Unfortunately, things aren’t so rosy for Sony’s Remote Play offering. Before I start complaining, though, let’s acknowledge upfront that real-time video game streaming is probably one of, if not the most, difficult tasks you can ask a home router to perform. Unlike normal streaming, there’s no buffer and packets are traveling both directions. One could argue that it’s a great place for superior routers to distinguish themselves. However, we just saw how Steam’s near-perfect take on streaming was essentially router-agnostic. Sony’s appears to be router-agnostic, as well, but in a bad way.

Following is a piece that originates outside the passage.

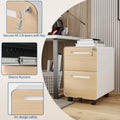 2 Drawer Mobile File Cabinet With Lock Under Desk Metal Rolling Filing Cabinets For Home Office Letters Legal A4 Fully Assembled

Streaming to the PS Vita was my focus, and its 2.4 GHz-only Wi-Fi connection is immediately suspect. However, there’s also a Remote Play client for Windows, and, in my experience, the issues I’m about to describe apply whether we’re talking about a gigabit Ethernet connection to a PC or the lowly Wi-Fi of the Vita. The problems came in different forms. There were full-on pauses to the stream that lasted for about a second and happened a couple times a minute. I saw inexplicable and progressively worse image quality over time, and good-old-fashioned artifacting like you might see from poor signal quality on satellite or over-the-air digital TV. I witnessed all those problems on all the routers to varying degrees when streaming from my PS4 Pro.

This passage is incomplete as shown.